CHICAGO, March 4 (Xinhua) -- Researchers at Northwestern University (NU) have developed a promising molecular tool that targets and inhibits one of cell immortality's underlying gears: the enzyme telomerase.
Intrigued by the biological activity of chrolactomycin, which is produced by bacteria and has been shown to inhibit telomerase, the researchers used chrolactomycin as a starting point in the design of their small molecules. They produced more than 200 compounds over the years.
After developing these new compounds, NU researchers joined hands with researchers outside to investigate the extra-telomeric role of telomerase inhibition.
Their studies focused on how the new compounds interact with telomerase on a molecular level and how telomerase inhibition sensitizes cells to chemotherapies and irradiation.
The studies found that the compound they call NU-1 was the most effective of those tested. Its synthesis is very efficient, taking fewer than five steps.
"NU-1 inhibits telomerase unlike anything that came before it," said Karl A. Scheidt, a professor of chemistry in the Weinberg College of Arts and Sciences and a professor of pharmacology at NU Feinberg School of Medicine. "It does this by forming a covalent bond. Another advantage of NU-1 is that its molecular structure should enable scientists to add cargo, such as a therapeutic."
NU has filed a provisional patent for NU-1 and related analogs.
All human cells have telomeres, short DNA sequences that cap the ends of each strand of DNA. Their job is to protect chromosomes and DNA. When a cell divides, the telomeres get shorter until they can no longer do their job. Natural cell death follows.

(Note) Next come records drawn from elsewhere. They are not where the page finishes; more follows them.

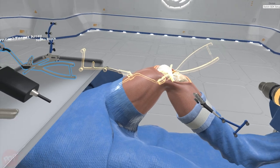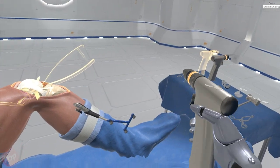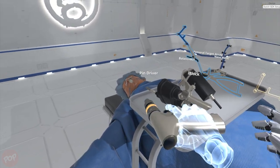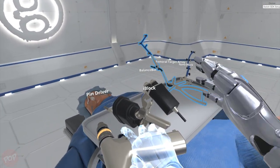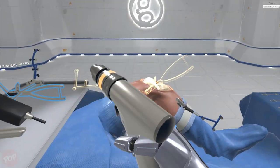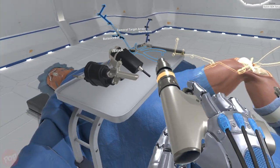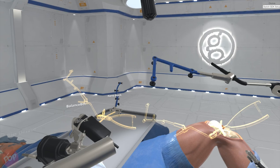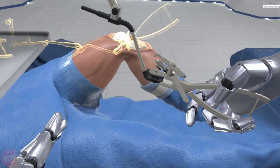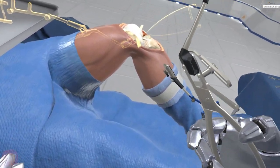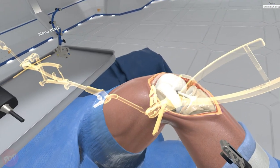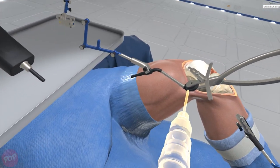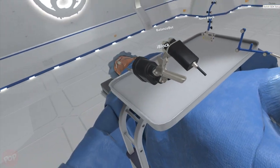Now select the femoral target array already mounted to the eye block femoral cutting guide robot fixation base. Place it along the medial aspect of the distal femur. The fixation base clamp will help find the proper anchor placement.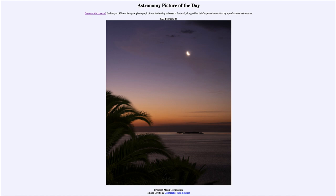That was our Astronomy Picture of the Day for February 25th of 2023, titled 'Crescent Moon Occultation.' We'll be back again tomorrow for the next picture, which is previewed to be Saturn's Iapetus, so we'll see what that is about tomorrow. Until then, have a great day everyone, and I will see you in class.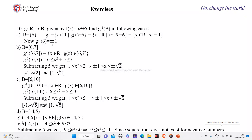In another example, suppose g is a function from ℝ to ℝ given by g(x) = x² + 5. Find g inverse of b in the following cases. The first case is where b is equal to {6}, a single element.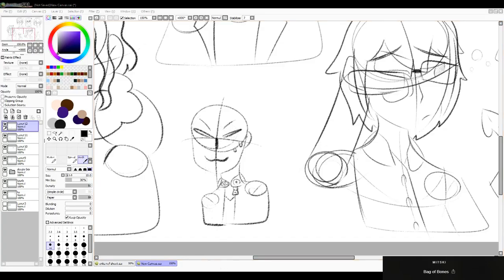For some reason, after literally all this time of drawing Desk, I've just completely forgotten how. Because I'm an idiot.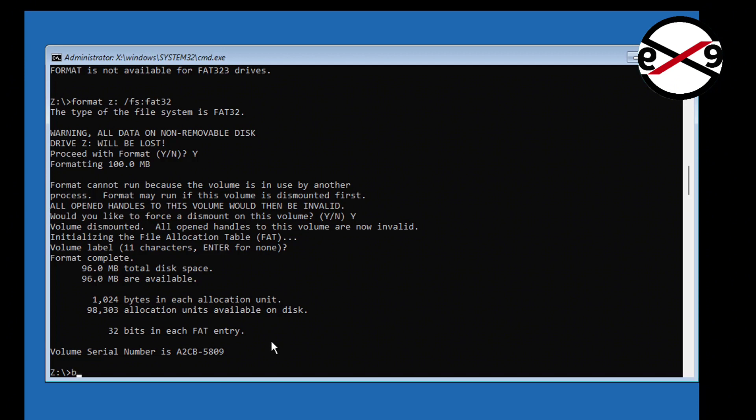Type the command: bcdboot [Windows installation drive letter]:\windows /s [assigned drive letter]: /f UEFI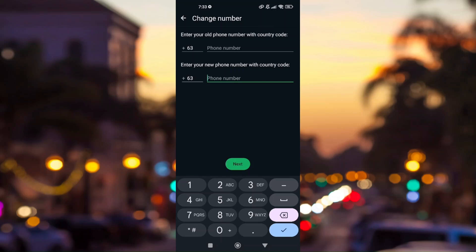Once everything is set, you'll be routed to the next page where you'll have the option to turn off notifying your contact list that you changed your phone number. You can also turn it on to limit who you'd like to notify, or you can disable it entirely without notifying anyone.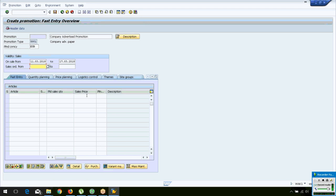Sometimes, if your business also runs organized sales — where an organization places a purchase order and you create a sales order, deliver material, and do invoicing — you need to specify the period during which sales orders should carry this promotion activity. In that case, set the sales order promotion period also to 11-03-2018 through 17-03-2018.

In contrast, cancer cells, with their heightened telomerase activity, become immortal by reversing the normal telomere shortening process. The enzyme telomerase copies telomeres over and over again, lengthening the telomeres. The result is unlimited cell division and immortality.
Telomerase has been a target for cancer therapeutics research for decades.
The study, posted on NU's website this week, has been published in the journal ACS Chemical Biology.